## Activity
Take the lines below from the one with "Signature Design by" through the one with "Vector illustration of" and retype them exactly. Include nothing else, and no pictures.

## Records for this task
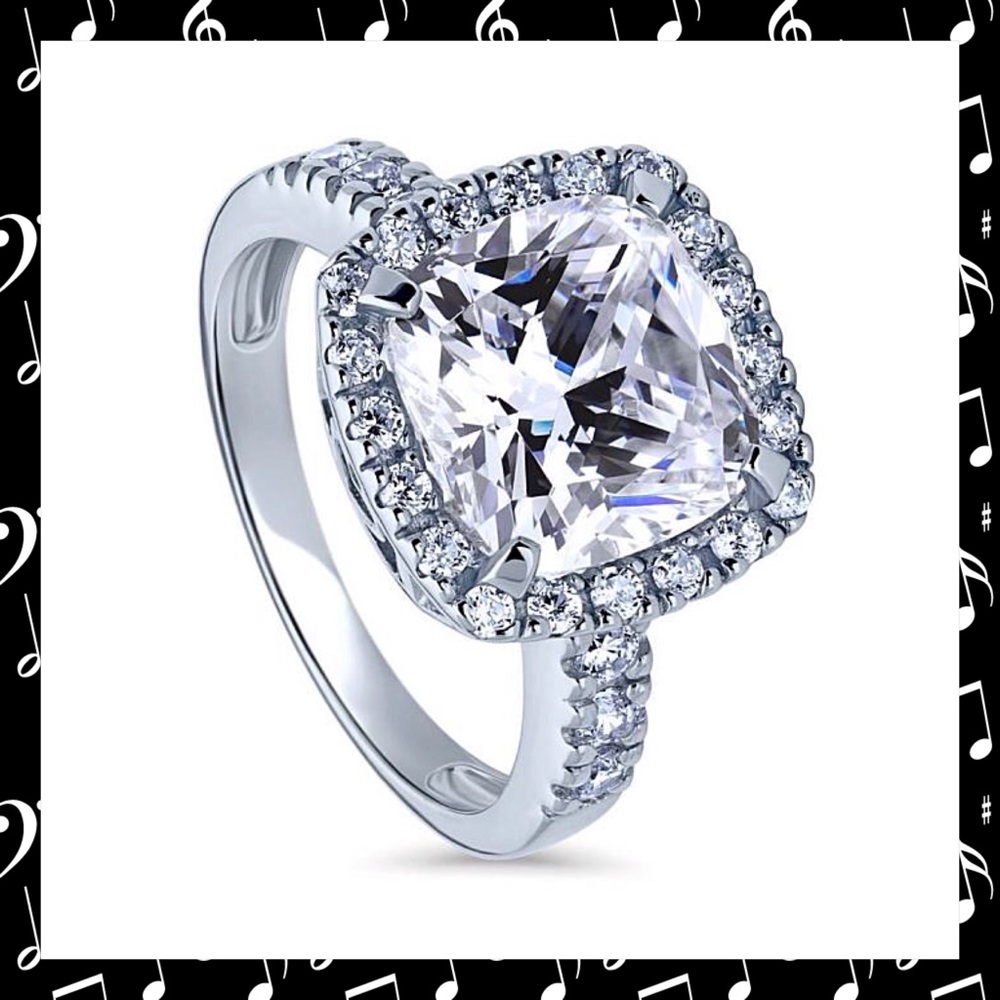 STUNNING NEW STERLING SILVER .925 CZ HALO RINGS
...
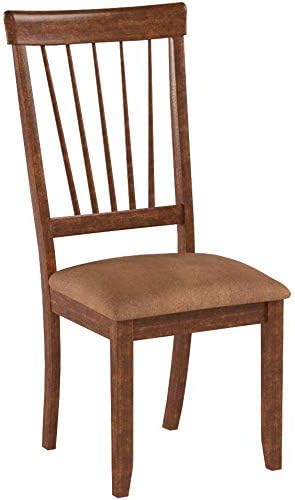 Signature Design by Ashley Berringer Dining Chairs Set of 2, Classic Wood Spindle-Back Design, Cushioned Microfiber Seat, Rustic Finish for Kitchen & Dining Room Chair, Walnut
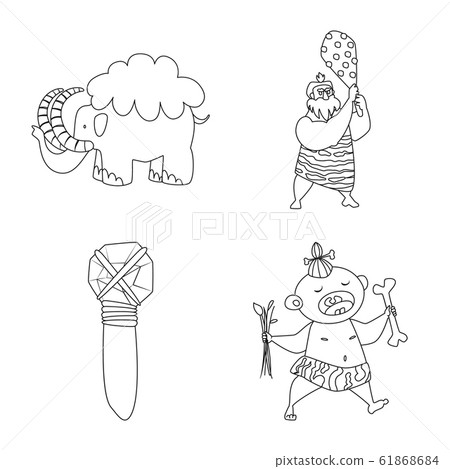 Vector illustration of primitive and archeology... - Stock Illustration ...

## The completed task
 Signature Design by Ashley Berringer Dining Chairs Set of 2, Classic Wood Spindle-Back Design, Cushioned Microfiber Seat, Rustic Finish for Kitchen & Dining Room Chair, Walnut
 Vector illustration of primitive and archeology... - Stock Illustration ...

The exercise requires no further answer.